A mí me gusta la lluvia sin sobresaltos, sin truenos ni rayos que me atemoricen, esos que se reflejan en mi ventana y me hacen alejarme de prisa. La prefiero tranquila, como la de anoche que arrulló mi sueño, en el que yo, dentro de una barca descifraba laberintos, ensayo, prueba, error. Y así, probando rumbos, avanzaba resolviendo mis enigmas abriendo caminos nuevos.
En ese estado de inconciencia, viviendo una realidad alterna que me resultaba igualmente tangible, navegaba sobre ríos subterráneos que afloraban de sus refugios con ansias de mirar el sol y el cielo, y una vez en la superficie, era tan grande su alegría, que en su correr parecía que iban cantando.

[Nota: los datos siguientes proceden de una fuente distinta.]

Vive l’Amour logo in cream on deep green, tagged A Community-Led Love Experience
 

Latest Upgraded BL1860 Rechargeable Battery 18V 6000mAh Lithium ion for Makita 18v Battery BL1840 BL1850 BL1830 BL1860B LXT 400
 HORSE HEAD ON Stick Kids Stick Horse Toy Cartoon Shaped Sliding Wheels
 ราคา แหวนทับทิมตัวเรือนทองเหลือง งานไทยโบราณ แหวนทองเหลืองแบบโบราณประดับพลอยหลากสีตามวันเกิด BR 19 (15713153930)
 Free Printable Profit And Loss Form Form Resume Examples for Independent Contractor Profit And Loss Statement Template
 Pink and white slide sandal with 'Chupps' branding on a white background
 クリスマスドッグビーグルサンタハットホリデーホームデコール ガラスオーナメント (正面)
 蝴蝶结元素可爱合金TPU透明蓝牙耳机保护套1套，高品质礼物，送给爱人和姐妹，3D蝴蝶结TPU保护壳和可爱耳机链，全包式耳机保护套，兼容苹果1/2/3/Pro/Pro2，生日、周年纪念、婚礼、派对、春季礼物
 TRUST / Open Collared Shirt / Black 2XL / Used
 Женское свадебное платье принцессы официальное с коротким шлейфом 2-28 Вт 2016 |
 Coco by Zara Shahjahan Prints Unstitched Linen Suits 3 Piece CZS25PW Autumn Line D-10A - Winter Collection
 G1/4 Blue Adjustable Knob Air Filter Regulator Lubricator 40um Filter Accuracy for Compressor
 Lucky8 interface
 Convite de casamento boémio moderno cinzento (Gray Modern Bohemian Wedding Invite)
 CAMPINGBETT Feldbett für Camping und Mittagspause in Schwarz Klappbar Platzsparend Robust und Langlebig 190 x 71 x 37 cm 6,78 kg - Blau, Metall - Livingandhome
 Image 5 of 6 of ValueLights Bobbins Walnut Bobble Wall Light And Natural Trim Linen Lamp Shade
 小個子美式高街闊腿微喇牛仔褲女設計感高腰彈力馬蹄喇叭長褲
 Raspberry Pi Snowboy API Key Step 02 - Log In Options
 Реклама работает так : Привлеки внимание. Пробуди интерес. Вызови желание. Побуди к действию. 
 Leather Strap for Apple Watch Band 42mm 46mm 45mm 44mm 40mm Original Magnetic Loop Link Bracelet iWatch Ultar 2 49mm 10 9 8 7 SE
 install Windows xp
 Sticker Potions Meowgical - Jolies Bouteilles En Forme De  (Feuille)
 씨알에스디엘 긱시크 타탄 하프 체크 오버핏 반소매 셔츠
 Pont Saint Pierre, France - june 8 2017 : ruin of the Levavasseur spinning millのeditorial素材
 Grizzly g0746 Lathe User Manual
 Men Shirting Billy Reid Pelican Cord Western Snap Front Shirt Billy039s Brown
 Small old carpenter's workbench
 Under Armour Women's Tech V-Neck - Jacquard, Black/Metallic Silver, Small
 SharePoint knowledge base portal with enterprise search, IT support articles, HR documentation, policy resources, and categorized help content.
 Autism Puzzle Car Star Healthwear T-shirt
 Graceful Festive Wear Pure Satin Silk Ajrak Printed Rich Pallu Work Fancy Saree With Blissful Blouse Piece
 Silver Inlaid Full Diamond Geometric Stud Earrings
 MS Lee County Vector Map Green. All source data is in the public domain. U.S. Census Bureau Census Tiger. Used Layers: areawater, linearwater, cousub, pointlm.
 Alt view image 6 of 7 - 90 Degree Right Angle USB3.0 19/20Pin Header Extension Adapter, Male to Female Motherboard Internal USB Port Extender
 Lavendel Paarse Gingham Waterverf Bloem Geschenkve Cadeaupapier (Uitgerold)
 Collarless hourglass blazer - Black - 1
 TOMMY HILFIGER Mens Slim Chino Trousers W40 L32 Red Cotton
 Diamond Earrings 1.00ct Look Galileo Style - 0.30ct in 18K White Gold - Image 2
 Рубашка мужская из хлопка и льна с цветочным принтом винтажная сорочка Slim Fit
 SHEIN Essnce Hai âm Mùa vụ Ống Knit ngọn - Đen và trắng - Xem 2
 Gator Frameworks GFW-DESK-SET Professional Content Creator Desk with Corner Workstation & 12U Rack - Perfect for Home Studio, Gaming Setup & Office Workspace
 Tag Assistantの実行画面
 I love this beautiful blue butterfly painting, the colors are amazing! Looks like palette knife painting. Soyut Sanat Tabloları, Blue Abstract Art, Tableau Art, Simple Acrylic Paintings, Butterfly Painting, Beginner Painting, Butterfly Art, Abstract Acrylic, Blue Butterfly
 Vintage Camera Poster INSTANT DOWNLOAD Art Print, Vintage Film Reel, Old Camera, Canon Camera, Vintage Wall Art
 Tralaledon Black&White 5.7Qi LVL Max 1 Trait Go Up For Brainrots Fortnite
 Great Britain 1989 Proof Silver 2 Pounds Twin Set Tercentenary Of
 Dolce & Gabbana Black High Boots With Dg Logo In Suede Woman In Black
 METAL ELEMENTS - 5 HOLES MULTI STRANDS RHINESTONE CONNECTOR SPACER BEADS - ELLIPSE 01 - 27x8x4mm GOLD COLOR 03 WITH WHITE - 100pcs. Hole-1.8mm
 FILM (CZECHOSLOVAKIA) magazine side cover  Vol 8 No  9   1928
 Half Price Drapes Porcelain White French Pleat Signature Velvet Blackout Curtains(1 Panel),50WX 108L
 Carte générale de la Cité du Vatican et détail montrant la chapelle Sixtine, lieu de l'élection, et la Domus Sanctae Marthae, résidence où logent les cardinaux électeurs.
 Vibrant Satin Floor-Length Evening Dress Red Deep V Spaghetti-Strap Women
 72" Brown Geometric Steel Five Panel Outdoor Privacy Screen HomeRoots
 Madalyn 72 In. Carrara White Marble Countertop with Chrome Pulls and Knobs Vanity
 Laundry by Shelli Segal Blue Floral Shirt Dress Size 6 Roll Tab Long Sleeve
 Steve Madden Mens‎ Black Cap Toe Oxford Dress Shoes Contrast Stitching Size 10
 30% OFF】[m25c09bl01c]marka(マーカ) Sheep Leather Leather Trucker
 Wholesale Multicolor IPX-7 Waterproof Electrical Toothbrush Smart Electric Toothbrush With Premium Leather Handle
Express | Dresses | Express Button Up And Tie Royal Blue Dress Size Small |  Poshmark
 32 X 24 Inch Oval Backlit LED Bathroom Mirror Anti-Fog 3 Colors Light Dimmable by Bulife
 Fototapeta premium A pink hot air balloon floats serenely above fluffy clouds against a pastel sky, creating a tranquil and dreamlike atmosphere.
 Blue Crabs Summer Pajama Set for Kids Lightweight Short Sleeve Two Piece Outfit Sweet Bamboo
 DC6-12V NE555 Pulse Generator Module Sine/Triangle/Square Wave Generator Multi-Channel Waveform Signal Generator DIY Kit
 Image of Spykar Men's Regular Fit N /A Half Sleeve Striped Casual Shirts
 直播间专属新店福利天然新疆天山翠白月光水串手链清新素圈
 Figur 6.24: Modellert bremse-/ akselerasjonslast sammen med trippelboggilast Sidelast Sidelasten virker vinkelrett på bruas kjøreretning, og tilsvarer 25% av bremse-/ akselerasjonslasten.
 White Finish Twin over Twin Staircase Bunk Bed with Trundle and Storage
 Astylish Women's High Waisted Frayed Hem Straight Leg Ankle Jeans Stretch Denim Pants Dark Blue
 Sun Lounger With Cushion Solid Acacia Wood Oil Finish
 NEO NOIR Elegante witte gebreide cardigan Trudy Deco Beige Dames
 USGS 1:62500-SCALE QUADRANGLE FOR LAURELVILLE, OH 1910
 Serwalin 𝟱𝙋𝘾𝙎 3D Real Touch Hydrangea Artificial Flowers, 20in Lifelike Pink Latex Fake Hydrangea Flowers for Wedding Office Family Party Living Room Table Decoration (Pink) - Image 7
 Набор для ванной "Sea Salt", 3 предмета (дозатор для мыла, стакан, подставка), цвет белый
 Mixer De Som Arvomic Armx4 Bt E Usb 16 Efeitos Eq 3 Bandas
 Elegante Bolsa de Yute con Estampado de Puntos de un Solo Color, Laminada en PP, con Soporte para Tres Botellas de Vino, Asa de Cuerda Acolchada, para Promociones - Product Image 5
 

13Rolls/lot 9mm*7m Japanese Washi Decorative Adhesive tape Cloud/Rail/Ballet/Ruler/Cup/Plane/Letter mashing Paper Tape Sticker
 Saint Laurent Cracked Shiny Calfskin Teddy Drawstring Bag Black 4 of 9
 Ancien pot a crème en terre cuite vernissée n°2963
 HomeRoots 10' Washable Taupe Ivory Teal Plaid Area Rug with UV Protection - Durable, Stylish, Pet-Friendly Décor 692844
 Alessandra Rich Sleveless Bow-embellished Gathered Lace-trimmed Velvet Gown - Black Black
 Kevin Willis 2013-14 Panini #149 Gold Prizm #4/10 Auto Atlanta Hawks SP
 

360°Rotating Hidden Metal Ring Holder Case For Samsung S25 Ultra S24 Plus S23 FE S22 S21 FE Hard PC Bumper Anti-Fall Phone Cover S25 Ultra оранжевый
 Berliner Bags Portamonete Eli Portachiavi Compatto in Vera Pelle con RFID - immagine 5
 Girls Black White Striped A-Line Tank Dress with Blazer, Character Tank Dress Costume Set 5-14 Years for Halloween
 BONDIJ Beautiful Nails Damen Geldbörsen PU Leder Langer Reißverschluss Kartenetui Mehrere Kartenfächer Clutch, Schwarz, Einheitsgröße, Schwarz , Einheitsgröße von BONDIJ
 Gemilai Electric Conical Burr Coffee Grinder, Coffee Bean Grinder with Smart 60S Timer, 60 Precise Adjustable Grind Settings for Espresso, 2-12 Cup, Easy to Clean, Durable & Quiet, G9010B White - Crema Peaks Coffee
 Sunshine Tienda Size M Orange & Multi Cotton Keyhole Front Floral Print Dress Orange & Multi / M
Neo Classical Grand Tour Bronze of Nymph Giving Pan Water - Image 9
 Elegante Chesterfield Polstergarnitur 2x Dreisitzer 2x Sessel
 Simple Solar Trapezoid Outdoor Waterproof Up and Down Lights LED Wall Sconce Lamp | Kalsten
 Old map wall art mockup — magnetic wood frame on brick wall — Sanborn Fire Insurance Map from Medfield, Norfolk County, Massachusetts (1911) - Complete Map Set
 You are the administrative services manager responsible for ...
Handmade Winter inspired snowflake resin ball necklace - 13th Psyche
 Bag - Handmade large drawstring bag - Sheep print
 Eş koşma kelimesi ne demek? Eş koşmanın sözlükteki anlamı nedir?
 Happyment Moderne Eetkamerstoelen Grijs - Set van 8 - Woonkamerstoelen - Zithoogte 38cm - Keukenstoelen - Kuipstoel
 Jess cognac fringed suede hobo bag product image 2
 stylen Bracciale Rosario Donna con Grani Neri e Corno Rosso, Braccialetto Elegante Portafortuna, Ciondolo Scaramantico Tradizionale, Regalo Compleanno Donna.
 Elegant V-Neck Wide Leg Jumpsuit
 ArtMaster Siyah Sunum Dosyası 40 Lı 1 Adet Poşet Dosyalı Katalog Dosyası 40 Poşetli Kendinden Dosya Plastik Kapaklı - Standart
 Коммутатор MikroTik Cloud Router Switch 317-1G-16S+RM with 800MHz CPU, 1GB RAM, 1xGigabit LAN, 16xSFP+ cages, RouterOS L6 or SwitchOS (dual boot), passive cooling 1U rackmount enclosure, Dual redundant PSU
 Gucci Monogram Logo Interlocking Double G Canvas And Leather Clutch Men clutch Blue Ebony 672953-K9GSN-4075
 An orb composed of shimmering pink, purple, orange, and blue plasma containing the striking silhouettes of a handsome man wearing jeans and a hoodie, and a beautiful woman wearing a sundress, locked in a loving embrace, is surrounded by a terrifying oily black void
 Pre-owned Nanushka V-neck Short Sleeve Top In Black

¿Quién se ha detenido a escuchar el canto del agua en una noche de lluvia mientras la ciudad está dormida? ¿Quien escucha el lenguaje extraño de sus gotas cantarinas que conocen nuestros secretos pues han tenido la virtud de transportarse por el cielo?
Después de anunciarse con furia, como un gigante malhumorado, cayó sobre los tejados formando una cortina líquida, que en el suelo, repiqueteó como cientos de canicas de hielo que reflejaban las farolas, para después, escurrir buscando sus propios caminos, como lo hacemos todos, sin buscar imitaciones, escribiendo nuestra propia historia, filtrándonos en los años como el agua hasta desaparecer.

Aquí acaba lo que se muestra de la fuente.